PROBLEM STATEMENT: Taking the data below, please print only the lines from the line holding "Une chambre à" to the line holding "empty room with", inclusive, with pictures omitted.

RECORDS FOR PROCESSING:
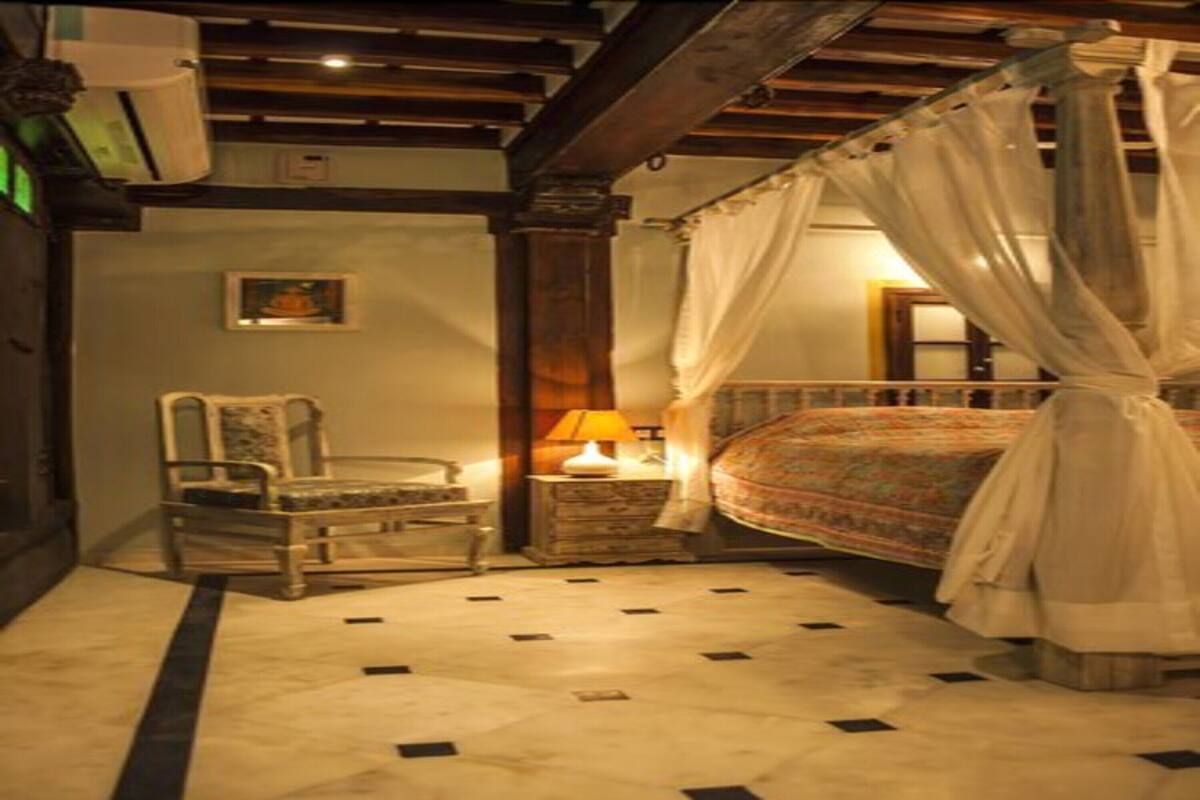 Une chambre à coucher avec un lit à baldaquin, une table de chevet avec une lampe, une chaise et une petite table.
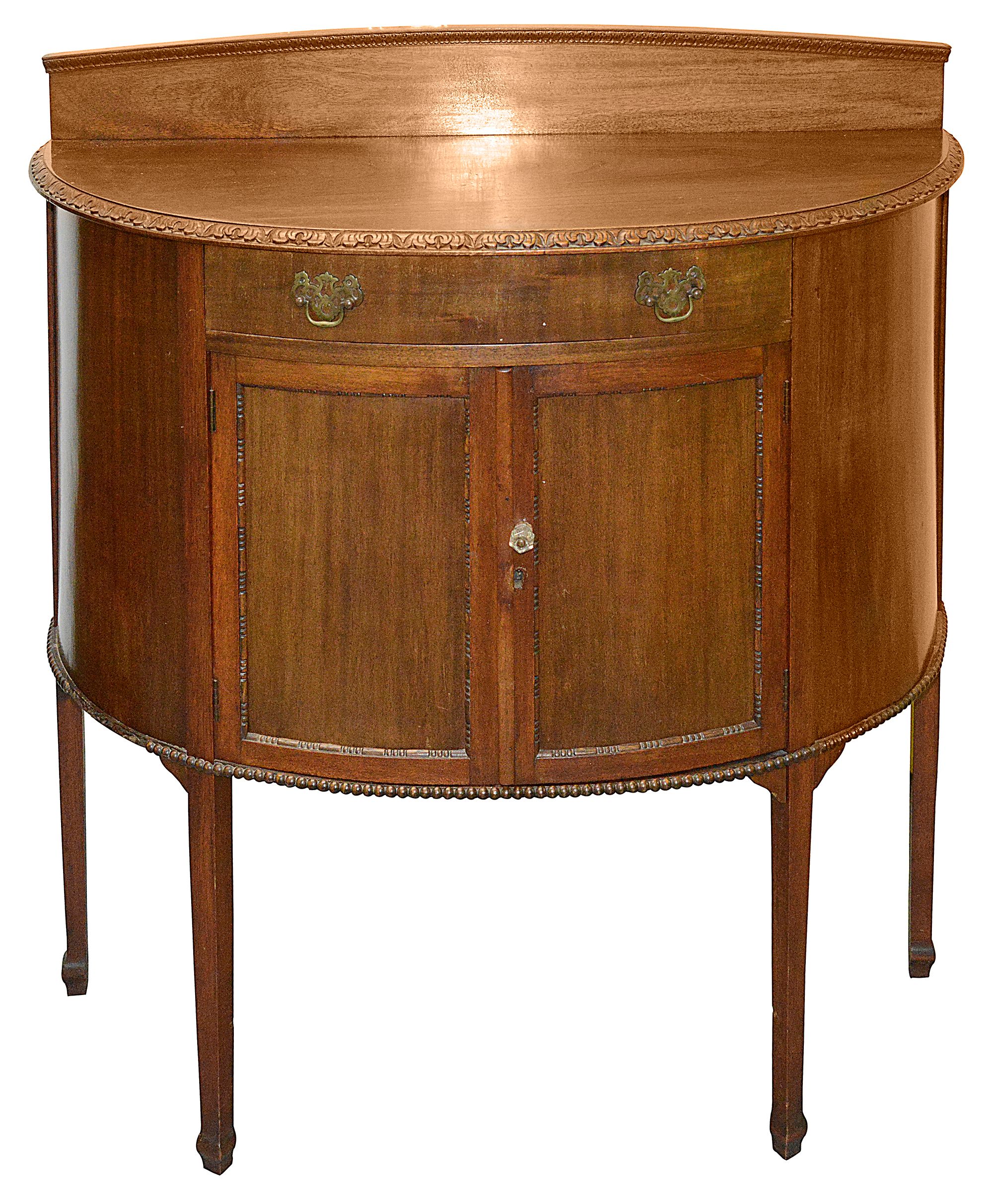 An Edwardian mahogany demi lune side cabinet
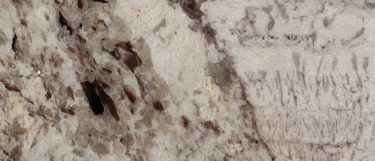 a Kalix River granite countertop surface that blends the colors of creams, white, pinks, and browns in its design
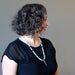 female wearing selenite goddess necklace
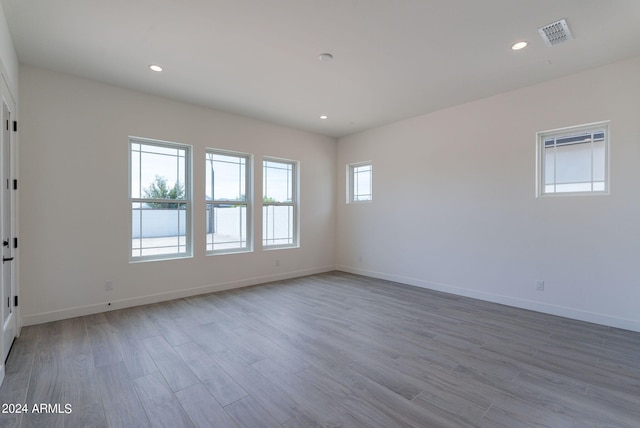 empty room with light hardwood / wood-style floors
...
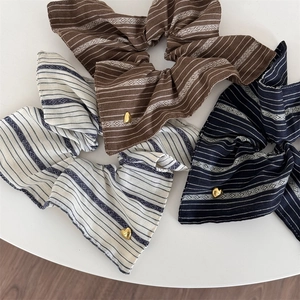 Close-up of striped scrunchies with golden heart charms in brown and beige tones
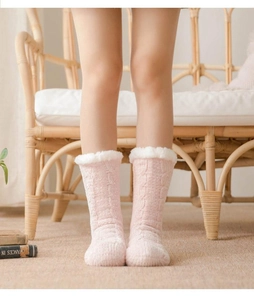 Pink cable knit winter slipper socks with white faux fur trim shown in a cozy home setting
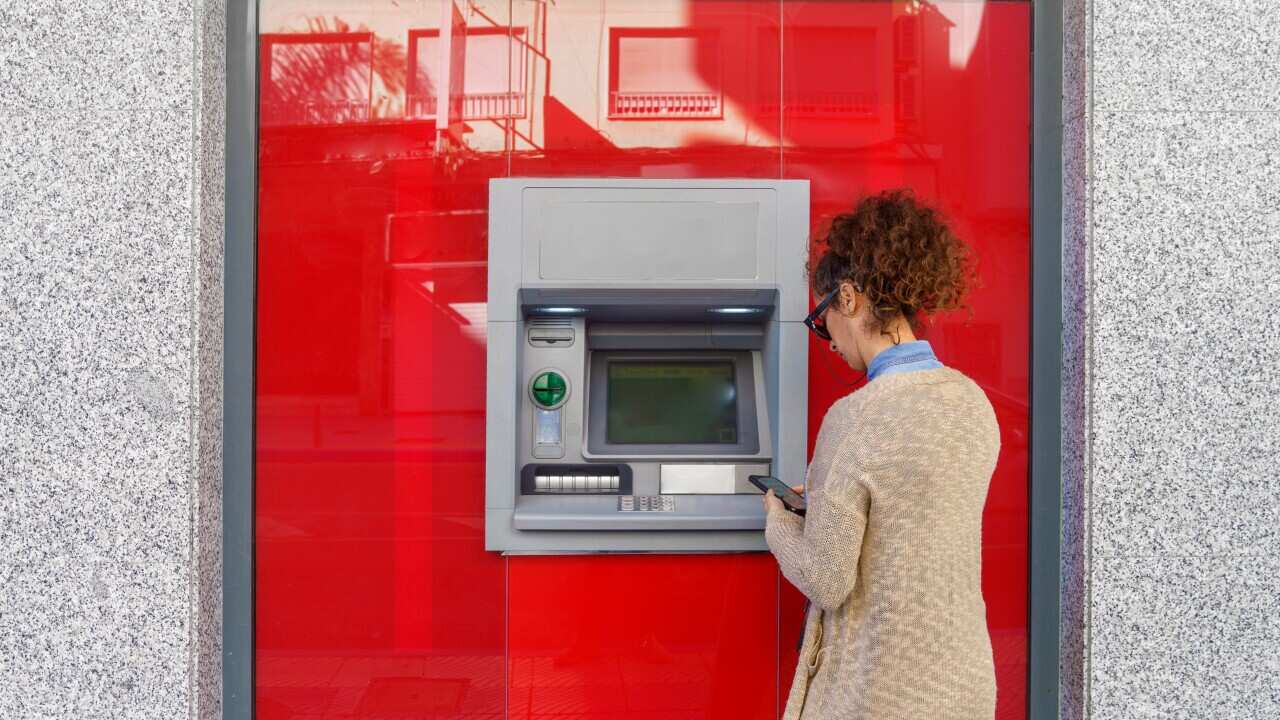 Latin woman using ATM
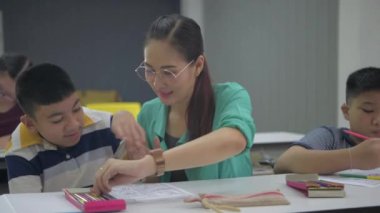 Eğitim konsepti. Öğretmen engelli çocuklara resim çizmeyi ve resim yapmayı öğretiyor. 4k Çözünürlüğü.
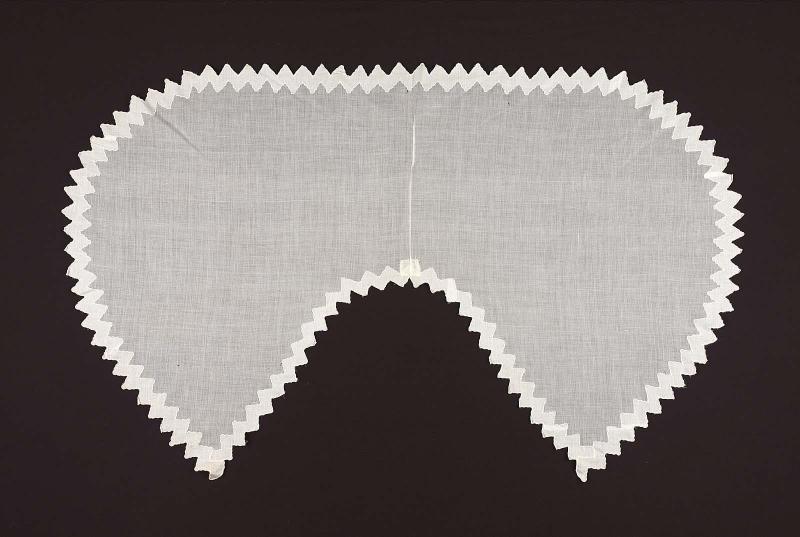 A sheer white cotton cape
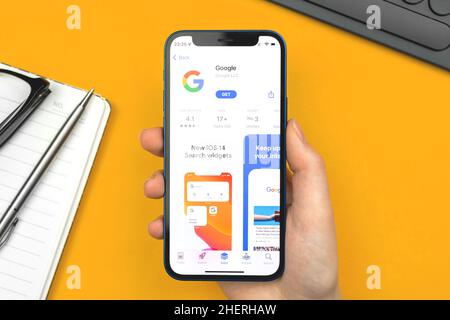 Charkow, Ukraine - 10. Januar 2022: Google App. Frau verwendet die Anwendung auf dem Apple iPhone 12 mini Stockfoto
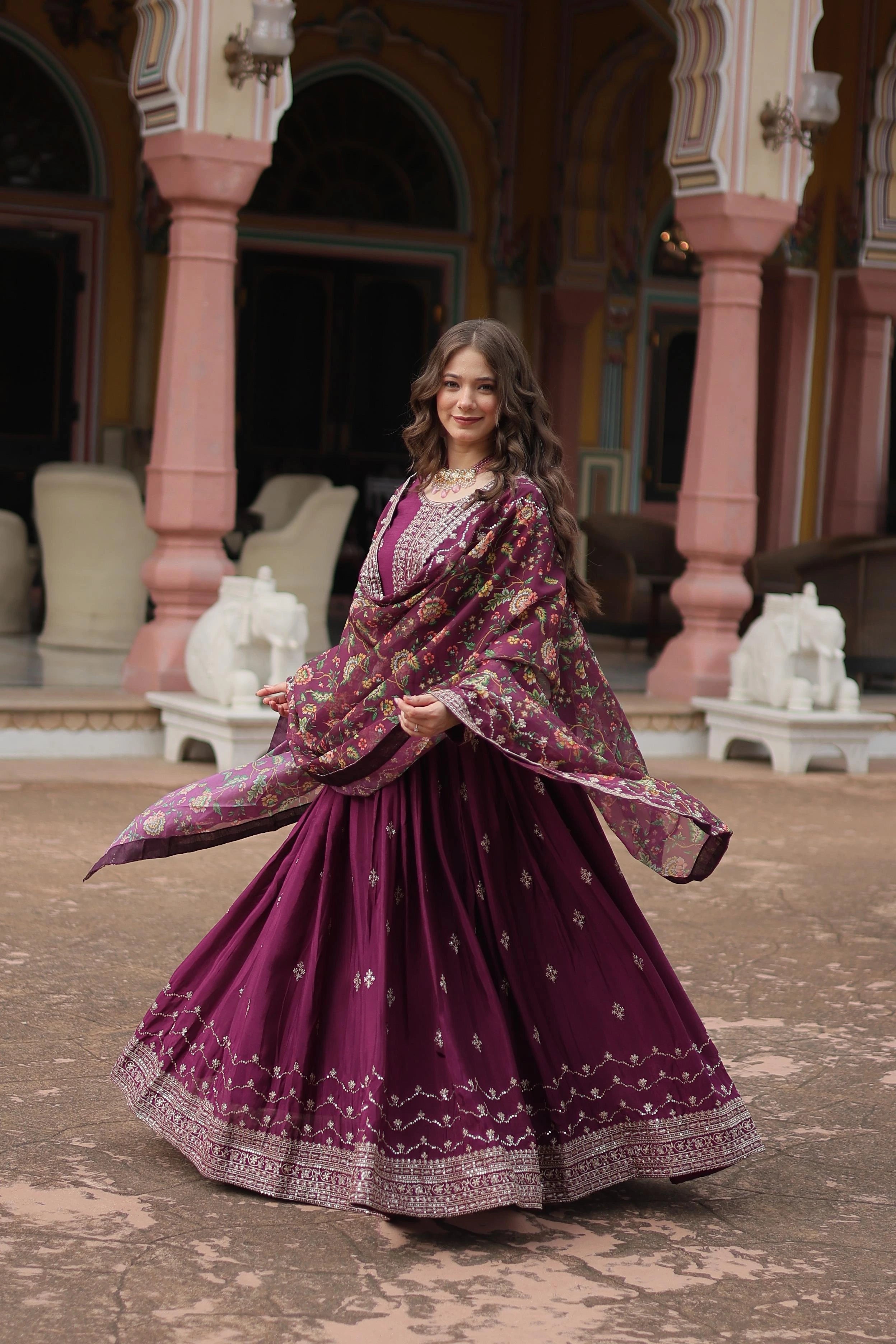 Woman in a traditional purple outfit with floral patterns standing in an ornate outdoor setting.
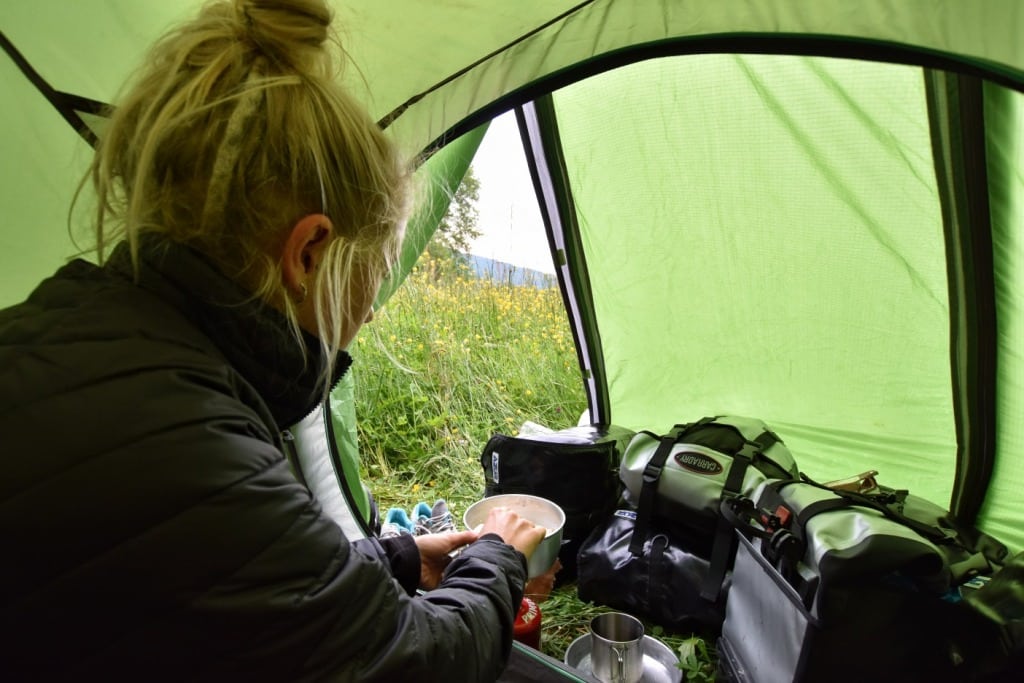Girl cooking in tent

THE ANSWER:
 Une chambre à coucher avec un lit à baldaquin, une table de chevet avec une lampe, une chaise et une petite table.
 An Edwardian mahogany demi lune side cabinet
 a Kalix River granite countertop surface that blends the colors of creams, white, pinks, and browns in its design
 female wearing selenite goddess necklace
 empty room with light hardwood / wood-style floors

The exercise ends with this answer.